Books of My Life by Chris Brookmyre
Chris Brookmyre (MA English and Theatre Studies 1989) is the international bestselling and multi-award-winning author of 22 novels. From his award-winning debut novel, 'Quite Ugly One Morning', to winning the Theakstons Old Peculier Crime Novel of the Year for 'Black Widow', Chris (MA English and Theatre Studies 1989) has established himself as one of Britain’s leading crime authors. Here, he tells us about the books of his life.
The book I loved most as a child
I loved Roald Dahl as a kid, and had a particular affection for 'Danny, the Champion of the World'. It was probably the first heist novel I ever read. You could draw a line from it to 'The Sacred Art of Stealing': good guys pulling off an audacious crime to stick it to the evil bullies.
The book that makes me laugh the most
I drove my then girlfriend, now wife, crazy laughing at Joseph Heller’s 'Catch 22' the first time we went on holiday together, because I was shuddering away on a sun lounger and she had never seen anyone laugh so much while reading before.
The book I come back to again and again
'Swing Hammer Swing!' by Jeff Torrington. It is the essence of Glasgow distilled into a novel, like a sprawling Billy Connolly monologue.
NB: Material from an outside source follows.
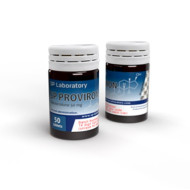Proviron 50mg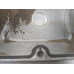 63Z107 Valley Cap For 01-02 Chevrolet Silverado 2500  6.0 12561107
It is rich and inventive in its language, so there’s always something new to be noticed in revisiting it.
The book that got me through the hard times
As a teenager, whenever I got really low, I would re-read 'So Long, and Thanks for All the Fish' by Douglas Adams. There was something calming and optimistic about it, allied to a sense of melancholy. Ultimately, it’s about being able to make the best of things, no matter what has changed.
The book that changed my mind
Marcus Chown’s 'The Universe Next Door' flipped the effects of school and transformed my perspective from thinking physics was dull, boring and incomprehensible to considering it incomprehensible in a way that is mind-blowingly exciting.
The book that is my guilty pleasure
'Pretty in Pink: The Golden Age of Teen Movies' by Jonathan Bernstein. Nobody ought to have re-read this book as many times as I have, especially given that it’s about a genre of films that is itself a guilty pleasure.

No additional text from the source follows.